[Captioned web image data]
====
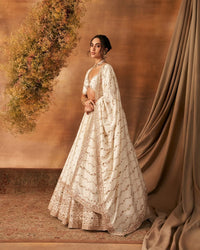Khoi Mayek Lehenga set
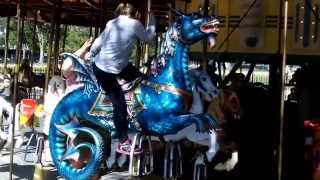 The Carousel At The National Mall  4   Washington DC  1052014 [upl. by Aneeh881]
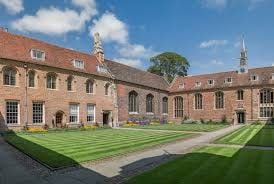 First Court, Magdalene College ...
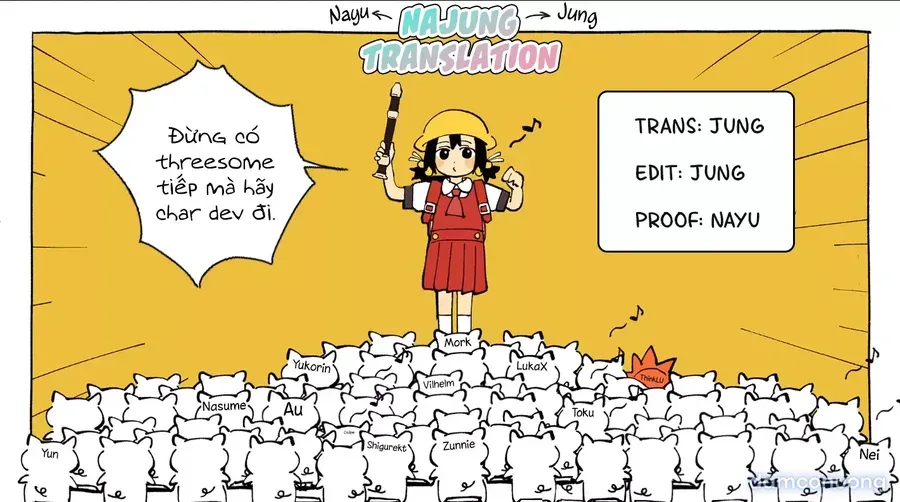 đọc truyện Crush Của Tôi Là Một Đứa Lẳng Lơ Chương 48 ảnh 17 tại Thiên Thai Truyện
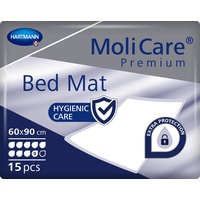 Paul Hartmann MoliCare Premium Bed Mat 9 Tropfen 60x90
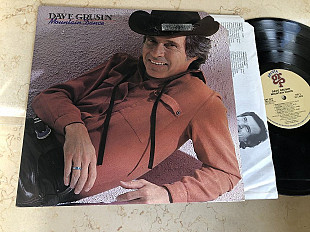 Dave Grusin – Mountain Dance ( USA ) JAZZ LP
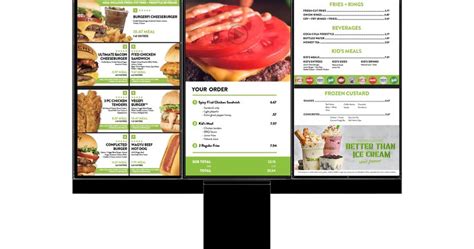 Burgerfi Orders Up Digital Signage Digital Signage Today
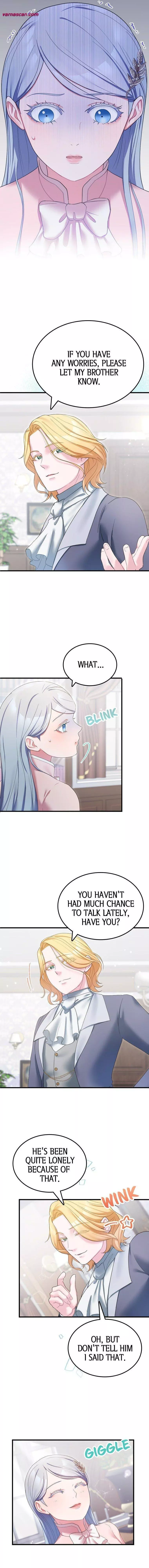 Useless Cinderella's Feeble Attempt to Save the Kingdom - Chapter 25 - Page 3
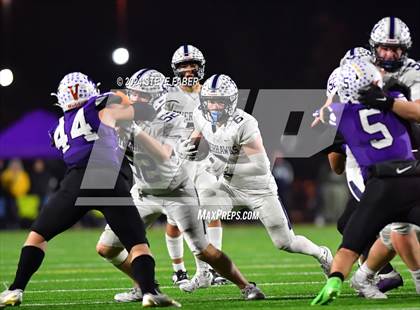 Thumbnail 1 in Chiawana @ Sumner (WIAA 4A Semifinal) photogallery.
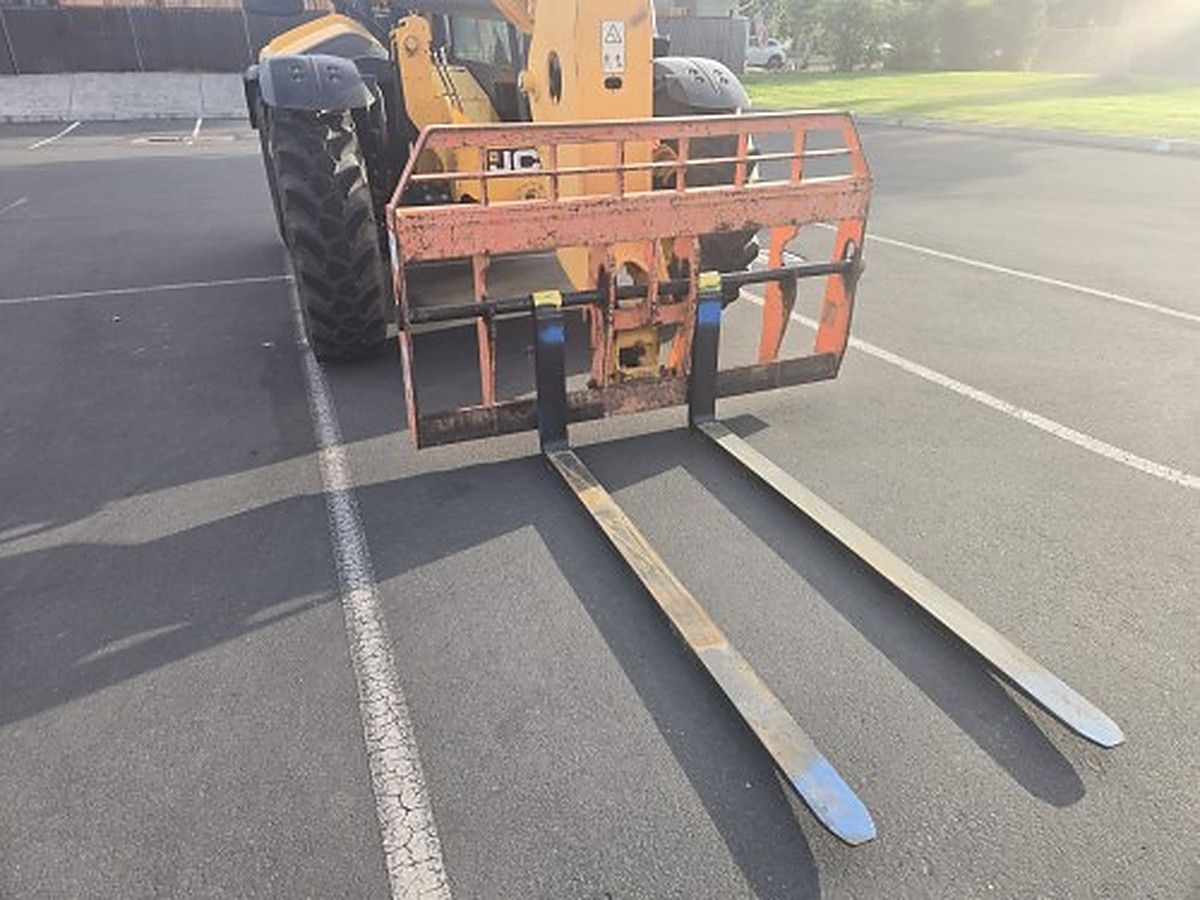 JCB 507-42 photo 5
====
» PROBLEM DESCRIPTION: Please write out all the entries above exactly, but leave out the pictures.

» OUTPUT OF THE EXERCISE:
Khoi Mayek Lehenga set
 The Carousel At The National Mall  4   Washington DC  1052014 [upl. by Aneeh881]
 First Court, Magdalene College ...
 đọc truyện Crush Của Tôi Là Một Đứa Lẳng Lơ Chương 48 ảnh 17 tại Thiên Thai Truyện
 Paul Hartmann MoliCare Premium Bed Mat 9 Tropfen 60x90
 Dave Grusin – Mountain Dance ( USA ) JAZZ LP
 Burgerfi Orders Up Digital Signage Digital Signage Today
 Useless Cinderella's Feeble Attempt to Save the Kingdom - Chapter 25 - Page 3
 Thumbnail 1 in Chiawana @ Sumner (WIAA 4A Semifinal) photogallery.
 JCB 507-42 photo 5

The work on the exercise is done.